Re: [PATCH v2] KVM: LAPIC: Fix cancel preemption timer repeatedly due to preemption

From: Paolo Bonzini
Date: Mon Jul 24 2017 - 11:38:41 EST


On 24/07/2017 17:08, Wanpeng Li wrote:
> 2017-07-24 22:45 GMT+08:00 Paolo Bonzini <pbonzini@xxxxxxxxxx>:
>> On 24/07/2017 10:57, Wanpeng Li wrote:
>>> From: Wanpeng Li <wanpeng.li@xxxxxxxxxxx>
>>>
>>> Preemption can occur in the preemption timer expiration handler:
>>>
>>> CPU0 CPU1
>>>
>>> preemption timer vmexit
>>> handle_preemption_timer(vCPU0)
>>> kvm_lapic_expired_hv_timer
>>> hv_timer_is_use == true
>>> sched_out
>>> sched_in
>>> kvm_arch_vcpu_load
>>> kvm_lapic_restart_hv_timer
>>> restart_apic_timer
>>> start_hv_timer
>>> already-expired timer or sw timer triggerd in the window
>>> start_sw_timer
>>> cancel_hv_timer
>>
>> At this point, the timer interrupt is injected, right?
>
> Do you mean the new one on CPU1? I think we just set the pending
> timer, we return back to kvm_lapic_expired_hv_timer() after preempt
> notifier sched_in.

start_sw_timer calls apic_timer_expired after cancel_hv_timer.

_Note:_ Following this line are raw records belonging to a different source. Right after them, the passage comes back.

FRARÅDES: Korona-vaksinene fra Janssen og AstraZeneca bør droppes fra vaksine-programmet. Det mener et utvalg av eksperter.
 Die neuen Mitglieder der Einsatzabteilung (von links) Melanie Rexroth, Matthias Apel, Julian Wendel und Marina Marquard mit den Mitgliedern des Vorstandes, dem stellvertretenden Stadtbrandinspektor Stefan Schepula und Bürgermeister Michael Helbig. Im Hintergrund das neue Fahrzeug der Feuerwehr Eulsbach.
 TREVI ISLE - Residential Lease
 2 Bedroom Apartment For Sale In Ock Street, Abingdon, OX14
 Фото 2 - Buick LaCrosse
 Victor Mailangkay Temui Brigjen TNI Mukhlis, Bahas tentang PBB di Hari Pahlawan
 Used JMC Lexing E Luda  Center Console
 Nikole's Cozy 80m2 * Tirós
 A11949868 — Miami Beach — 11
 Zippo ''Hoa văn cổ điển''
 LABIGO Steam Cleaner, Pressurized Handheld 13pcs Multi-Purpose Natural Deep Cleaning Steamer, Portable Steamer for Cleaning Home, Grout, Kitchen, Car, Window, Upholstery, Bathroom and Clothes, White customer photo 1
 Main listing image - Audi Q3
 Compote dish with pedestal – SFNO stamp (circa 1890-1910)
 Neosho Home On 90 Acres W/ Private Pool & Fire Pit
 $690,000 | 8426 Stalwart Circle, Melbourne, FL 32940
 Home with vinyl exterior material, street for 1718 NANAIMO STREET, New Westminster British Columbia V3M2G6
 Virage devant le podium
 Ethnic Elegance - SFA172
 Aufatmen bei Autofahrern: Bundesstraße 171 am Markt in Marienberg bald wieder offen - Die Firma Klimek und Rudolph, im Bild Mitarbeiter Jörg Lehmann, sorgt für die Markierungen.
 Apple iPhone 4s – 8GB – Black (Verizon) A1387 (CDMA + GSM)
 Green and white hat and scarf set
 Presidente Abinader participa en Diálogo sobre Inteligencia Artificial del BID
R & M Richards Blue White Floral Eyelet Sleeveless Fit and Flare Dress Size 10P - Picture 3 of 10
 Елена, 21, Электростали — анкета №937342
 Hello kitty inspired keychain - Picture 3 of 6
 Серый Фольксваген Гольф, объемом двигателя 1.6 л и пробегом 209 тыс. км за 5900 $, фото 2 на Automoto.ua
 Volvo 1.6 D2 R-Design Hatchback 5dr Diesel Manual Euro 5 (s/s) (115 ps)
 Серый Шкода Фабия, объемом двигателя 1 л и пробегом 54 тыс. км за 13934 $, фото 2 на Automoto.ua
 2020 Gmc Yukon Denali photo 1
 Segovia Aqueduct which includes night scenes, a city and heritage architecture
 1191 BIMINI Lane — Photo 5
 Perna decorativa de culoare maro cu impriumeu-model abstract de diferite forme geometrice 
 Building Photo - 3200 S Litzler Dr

>>> diff --git a/arch/x86/kvm/lapic.c b/arch/x86/kvm/lapic.c
>>> index 2819d4c..8341b40 100644
>>> --- a/arch/x86/kvm/lapic.c
>>> +++ b/arch/x86/kvm/lapic.c
>>> @@ -1560,9 +1560,13 @@ void kvm_lapic_expired_hv_timer(struct kvm_vcpu *vcpu)
>>> {
>>> struct kvm_lapic *apic = vcpu->arch.apic;
>>>
>>> - WARN_ON(!apic->lapic_timer.hv_timer_in_use);
>>> - WARN_ON(swait_active(&vcpu->wq));
>>> - cancel_hv_timer(apic);
>>> + preempt_disable();
>>> + if (!(!apic_lvtt_period(apic) && atomic_read(&apic->lapic_timer.pending))) {
>>
>> Why is the "if" necessary?
>>
>> Maybe all of kvm_lapic_expired_hv_timer and start_sw_timer should be in
>> preemption-disabled regions, which trivially avoids any reentrancy issue
>> with the preempt notifier. Then, cancel_hv_timer can assert that it's
>> called with preemption disabled.
>
> For example:
>
> static int handle_preemption_timer(struct kvm_vcpu *vcpu)
> {
> --------------------------------------------------> We still can
> be preempted here, and do one cancel_hv_timer()

Yes, so that just means you can do


preempt_disable();
/* The preempt notifier has called apic_timer_expired already. */
if (!apic->lapic_timer.hv_timer_in_use)
goto out;

Thinking more about it, even _the caller_ of start_hv_timer and
start_sw_timer should be in a preemption-disabled region for simplicity.
That means that ultimately restart_apic_timer, kvm_lapic_expired_hv_timer
and kvm_lapic_switch_to_sw_timer should call preempt_disable/preempt_enable.

Paolo